Source records
--- START ---

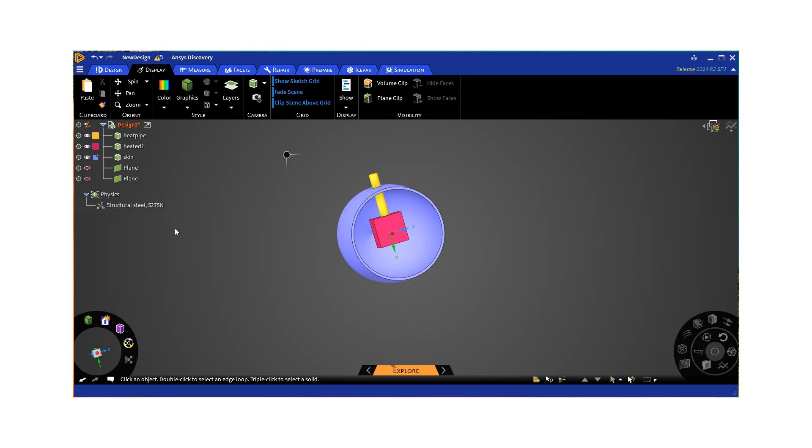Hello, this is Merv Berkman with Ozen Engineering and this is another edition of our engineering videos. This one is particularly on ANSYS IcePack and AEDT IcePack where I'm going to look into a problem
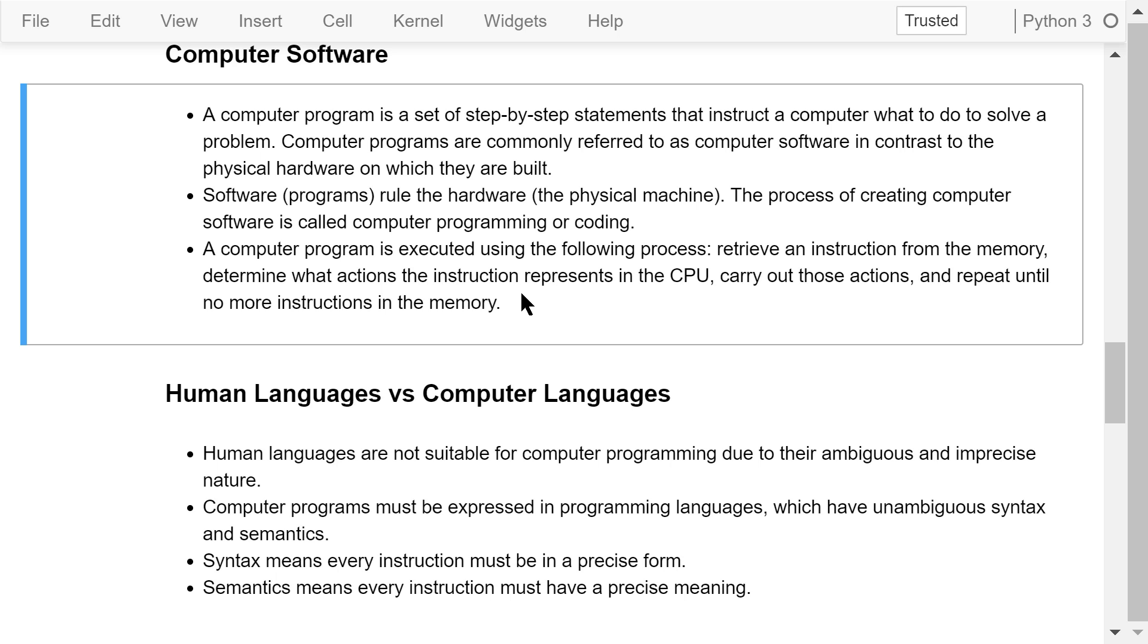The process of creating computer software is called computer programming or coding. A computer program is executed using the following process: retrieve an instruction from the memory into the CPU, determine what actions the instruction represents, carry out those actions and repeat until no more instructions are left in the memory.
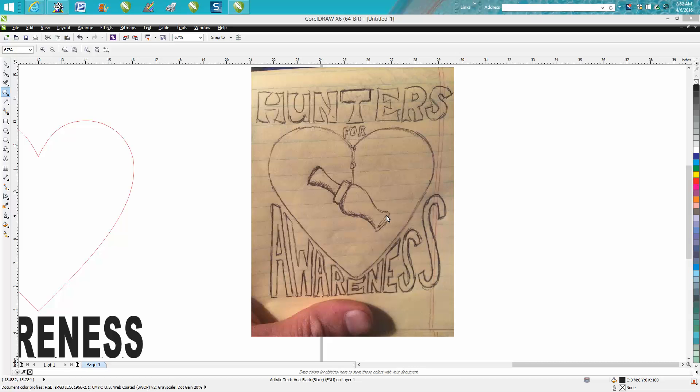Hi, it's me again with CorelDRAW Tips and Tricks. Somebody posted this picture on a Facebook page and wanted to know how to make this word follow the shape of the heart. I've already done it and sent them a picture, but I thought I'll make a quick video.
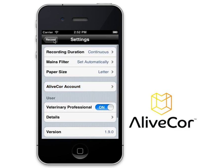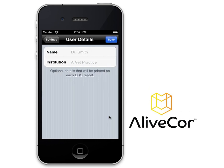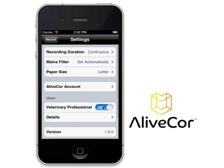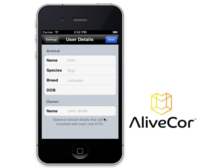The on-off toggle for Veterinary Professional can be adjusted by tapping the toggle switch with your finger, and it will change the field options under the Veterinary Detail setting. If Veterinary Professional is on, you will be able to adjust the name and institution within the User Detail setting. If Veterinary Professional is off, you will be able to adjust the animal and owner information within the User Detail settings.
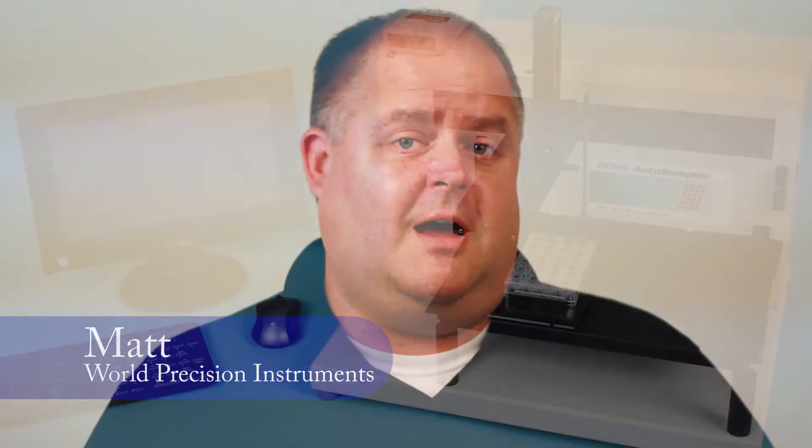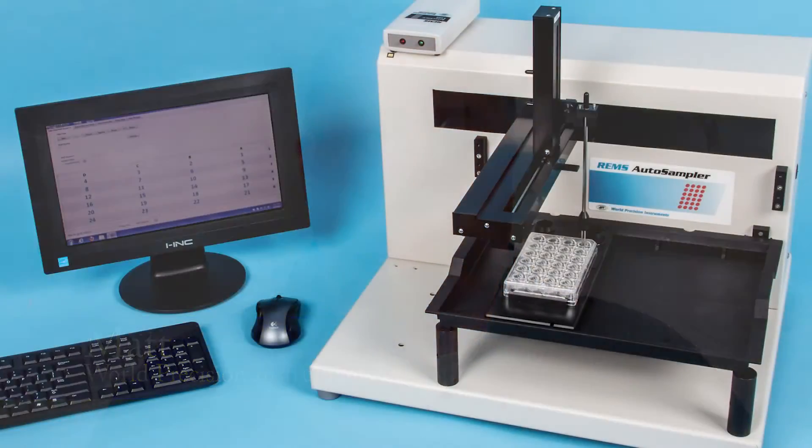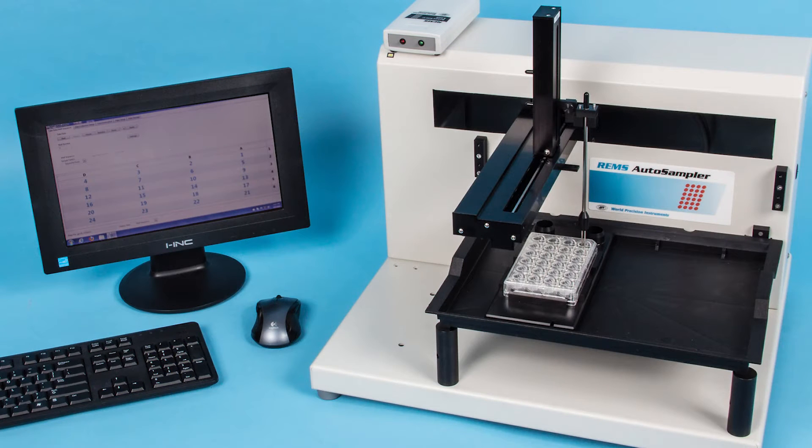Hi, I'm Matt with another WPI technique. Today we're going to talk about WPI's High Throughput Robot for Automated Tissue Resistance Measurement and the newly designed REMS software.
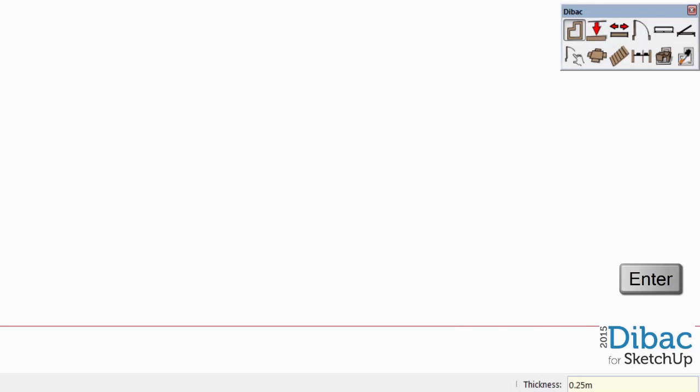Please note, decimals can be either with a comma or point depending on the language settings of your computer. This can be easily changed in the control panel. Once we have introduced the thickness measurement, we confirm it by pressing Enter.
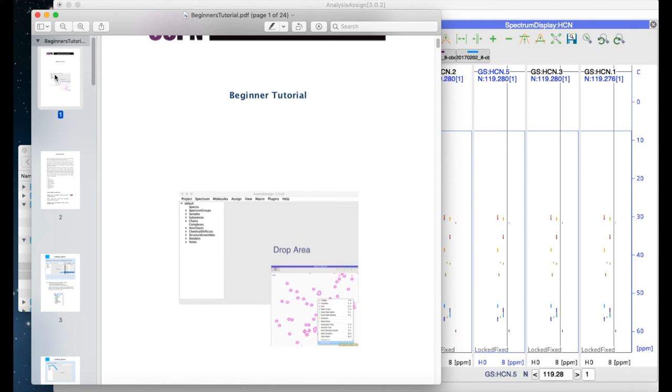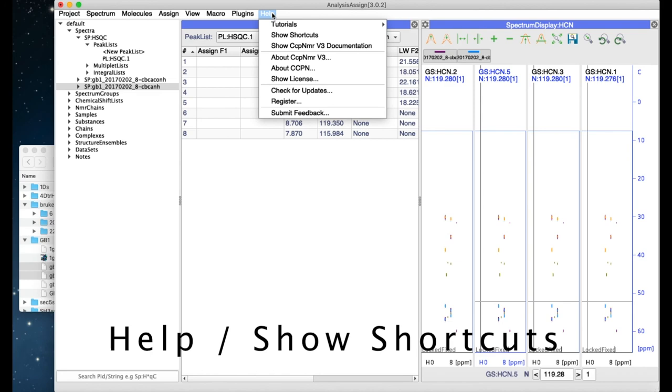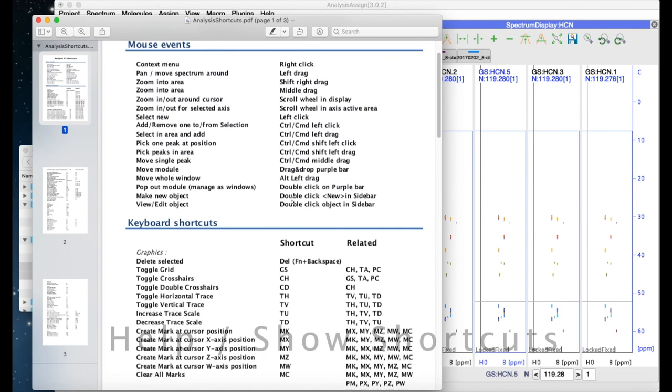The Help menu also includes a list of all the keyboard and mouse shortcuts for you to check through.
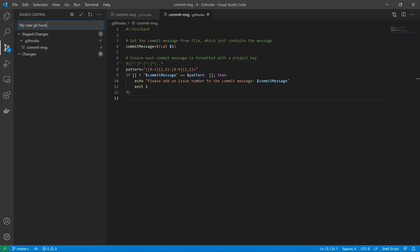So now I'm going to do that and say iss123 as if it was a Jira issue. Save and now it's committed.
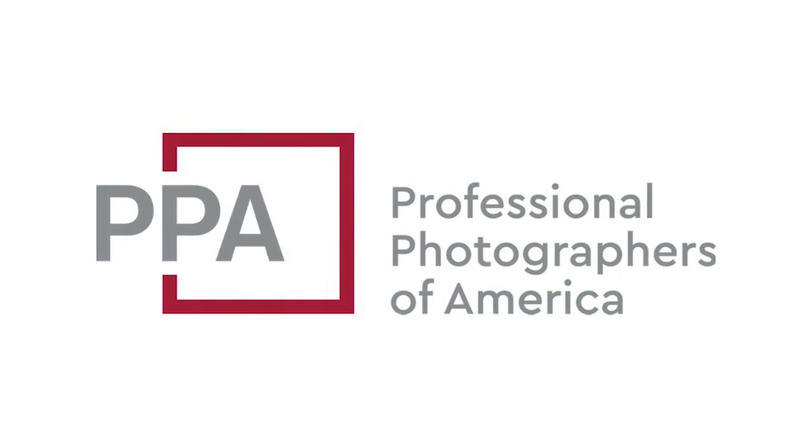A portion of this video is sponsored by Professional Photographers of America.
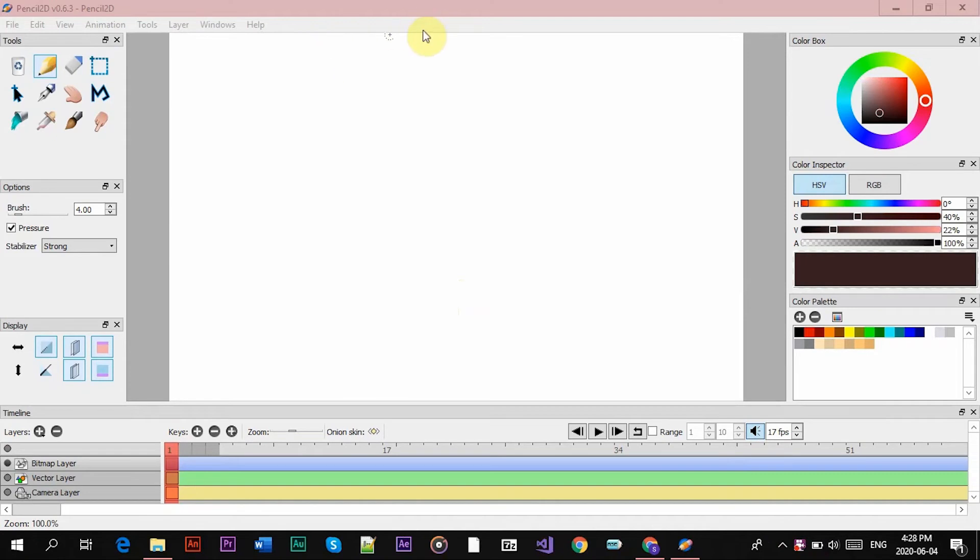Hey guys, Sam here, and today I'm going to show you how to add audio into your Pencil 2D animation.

--- END ---

Starting at the line above with "Please note, decimals", output every line exactly up to and including the line with "The Help menu", but none of the pictures.

* **YOUR SOLUTION**
Please note, decimals can be either with a comma or point depending on the language settings of your computer. This can be easily changed in the control panel. Once we have introduced the thickness measurement, we confirm it by pressing Enter.
The Help menu also includes a list of all the keyboard and mouse shortcuts for you to check through.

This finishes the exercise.